WHAT THIS TASK INVOLVES: Copy exactly the line containing "π©· Made in" and all the lines that follow it to the end of the records, minus the pictures.

DATA EXTRACTS:

▬▬▬▬▬▬

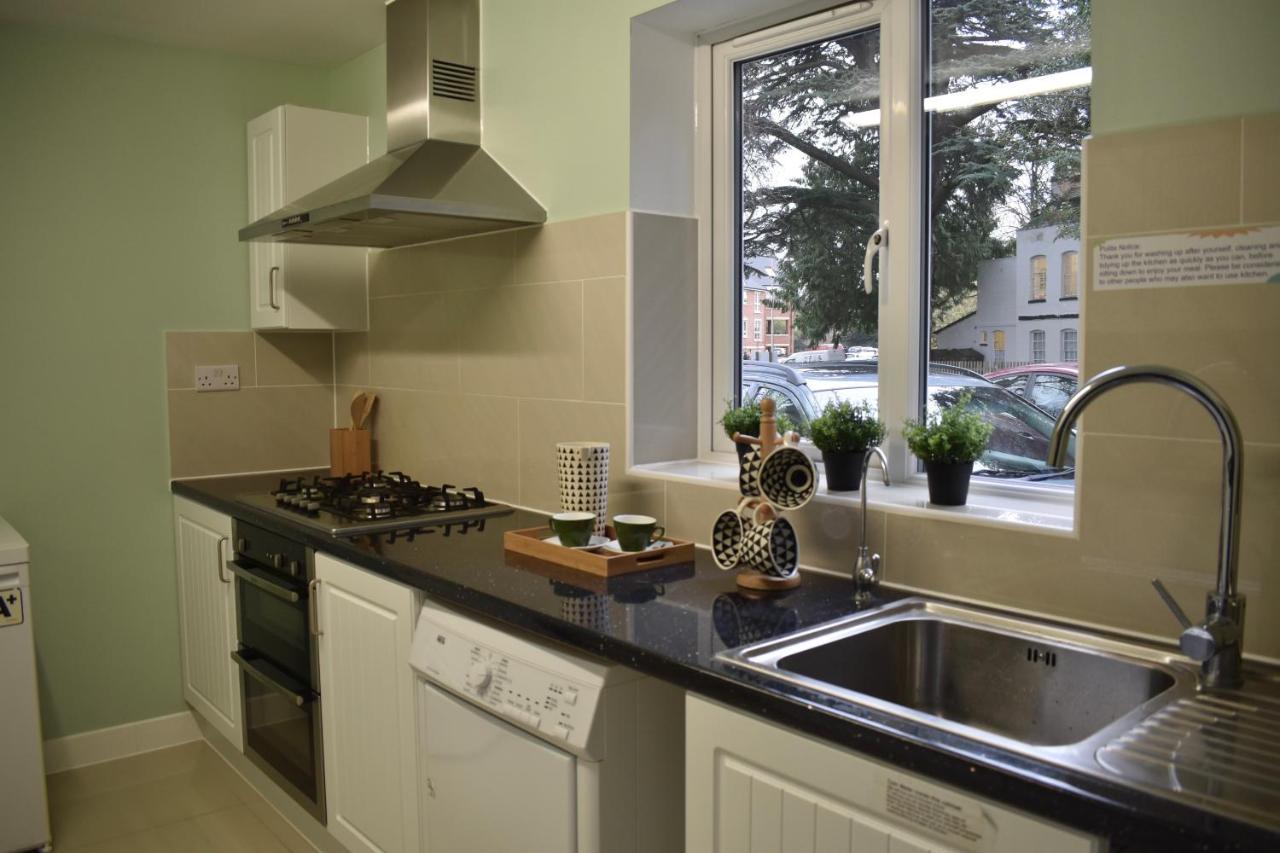 The Spinney Bracknell Exterior foto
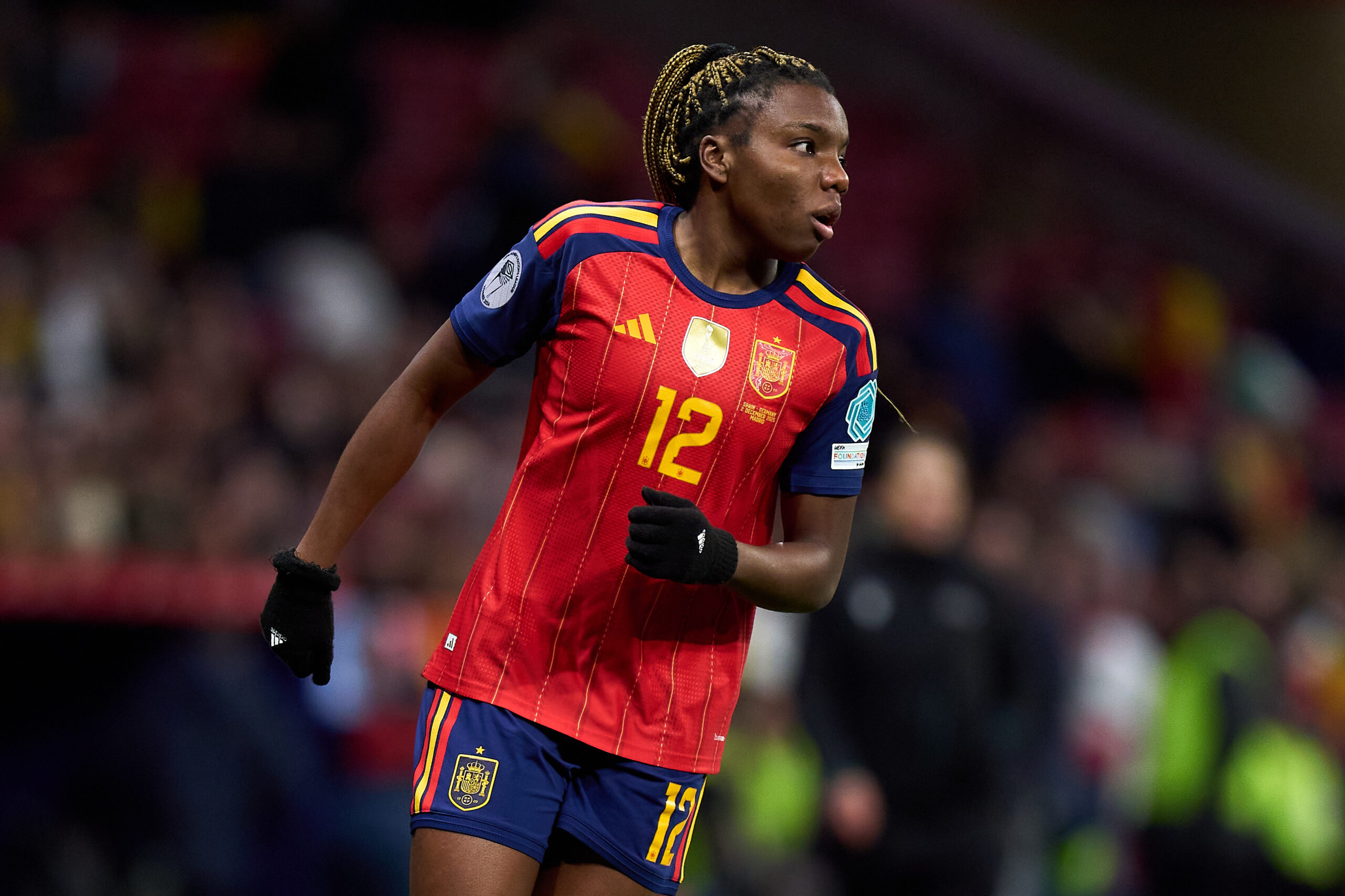 Edna Imade (FC Bayern) im Trikot der spanischen Nationalelf.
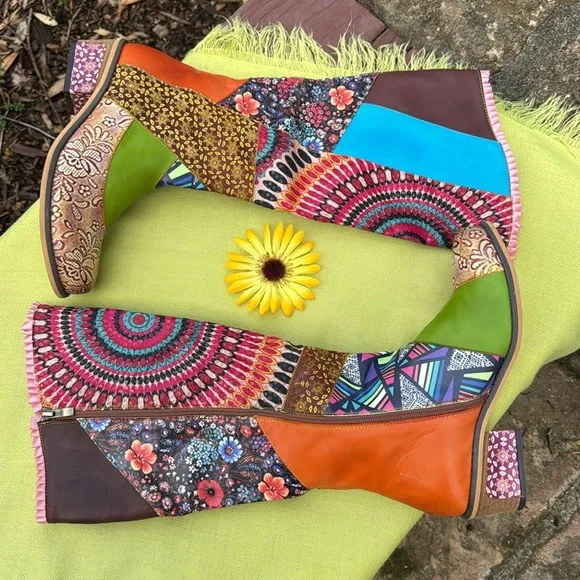 π©· Made in Spain; Super Unique and Brand New! Vegan Leather Colorful Boots 9/40! - Picture 2 of 15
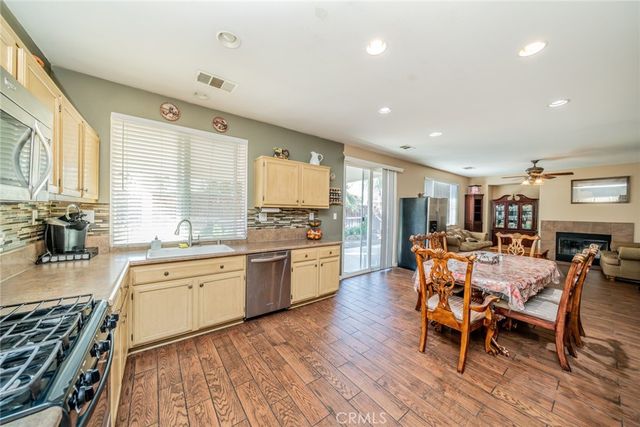1138 Pardee, San Jacinto, CA 92582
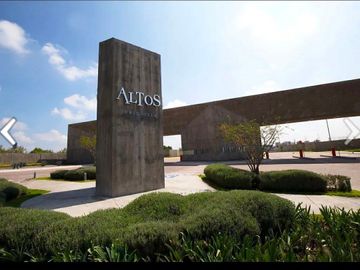 VENTA DE CASA DENTRO DEL CONDOMINIO QUIANÁ, EN ALTOS JURIQUILLA. 3.3
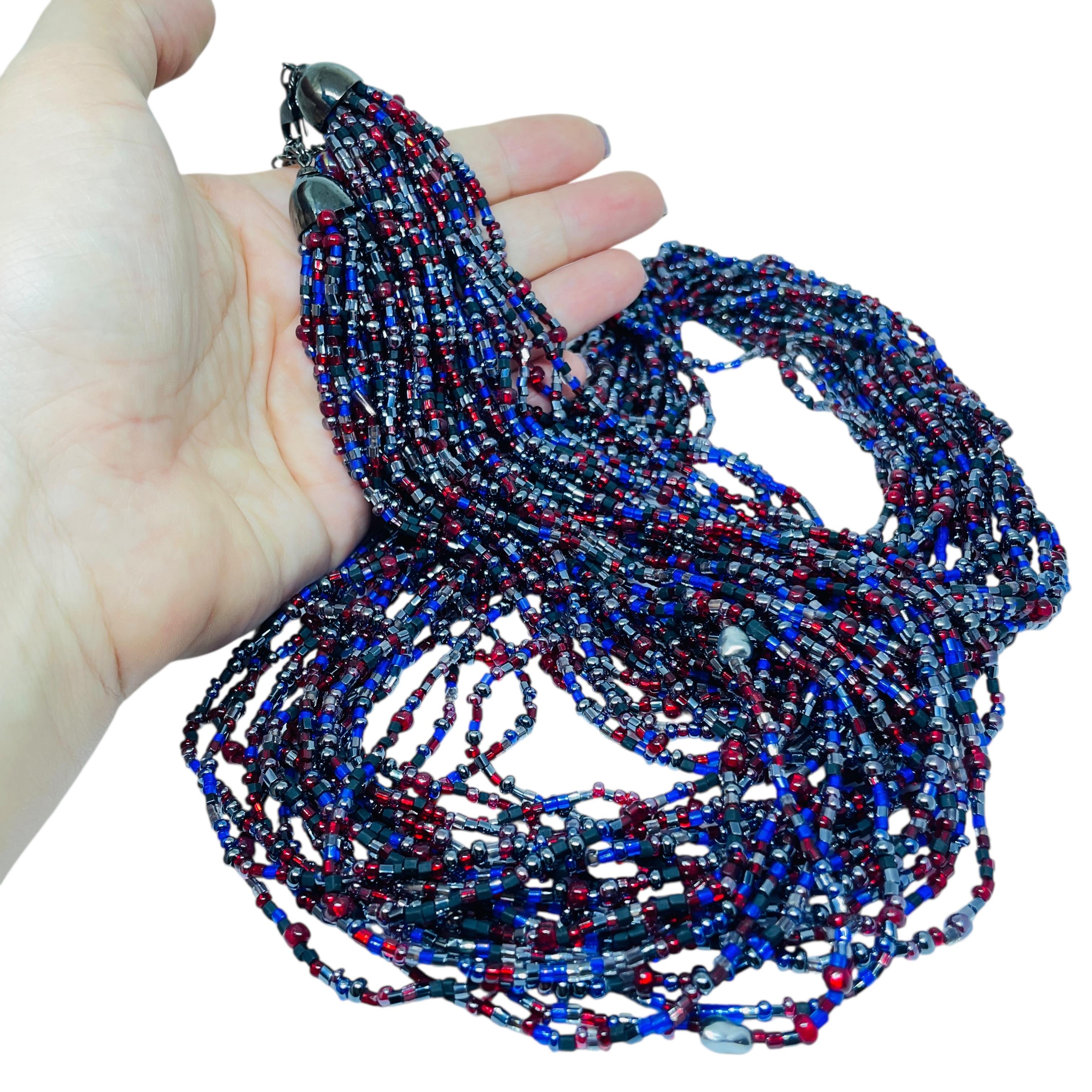 DETTAGLI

▬▬▬▬▬▬

RESULT OF THE TASK:
 π©· Made in Spain; Super Unique and Brand New! Vegan Leather Colorful Boots 9/40! - Picture 2 of 15
1138 Pardee, San Jacinto, CA 92582
 VENTA DE CASA DENTRO DEL CONDOMINIO QUIANÁ, EN ALTOS JURIQUILLA. 3.3
 DETTAGLI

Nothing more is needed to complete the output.